As far as I’m concerned, I was merely getting some sort of karmic payback for all the torture I endured from my older brothers. They may have had to eat lima beans, but I got wedgies. Lots of them.

Anyway, over the years, I have developed a reputation for hating vegetables. Mainly because I make fun of vegetables. In reality, I talk a good game.

I eat more vegetables than ever before now. Granted, the list is not that long, but the situation has greatly improved since my childhood. I willingly add certain veggies to my plate when we have them for dinner. I might even go for seconds of sometimes. I sometimes eat a salad as my whole meal.

My wife jokingly tries to get me to eat some her favorites which are not on my list. Just recently, she took the joke a little further and snuck some spinach – which I don’t dislike that much – into a soup she made and tried to pass it off as something else. I totally busted her on that.

I enjoy the veggies I enjoy.
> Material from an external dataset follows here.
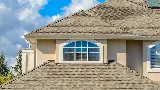 Oakland Roofing Pros photo 4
Let’s just leave it at that. Then, something happened recently.

A friend gave Maria a rutabaga. She had to tell me it was a rutabaga because I had never seen a rutabaga. In fact, you could probably have convinced me that no such vegetable existed and the word was just a piece of nonsense.

But we had a big honking rutabaga in the house and had to do something with it. In a moment of weakness, I agreed to eat rutabaga. Maria promised me that she would find a recipe which I would enjoy, and she did. I even took leftovers with me to work one day.

Like a good gambler in Vegas, she decided to press her luck. That’s how I ended up eating a dinner built around cabbage.

Sure, it had some meat and rice and a few other things, but I sat down and actually ate almost all of my serving. I didn’t even have to choke it down. It didn’t taste that bad.

I don’t even know who I am anymore. Especially since I will probably try rutabaga and cabbage again at some point. At some point, I’m going to have to go eat a big plate of chicken wings to restore the balance in my blood stream.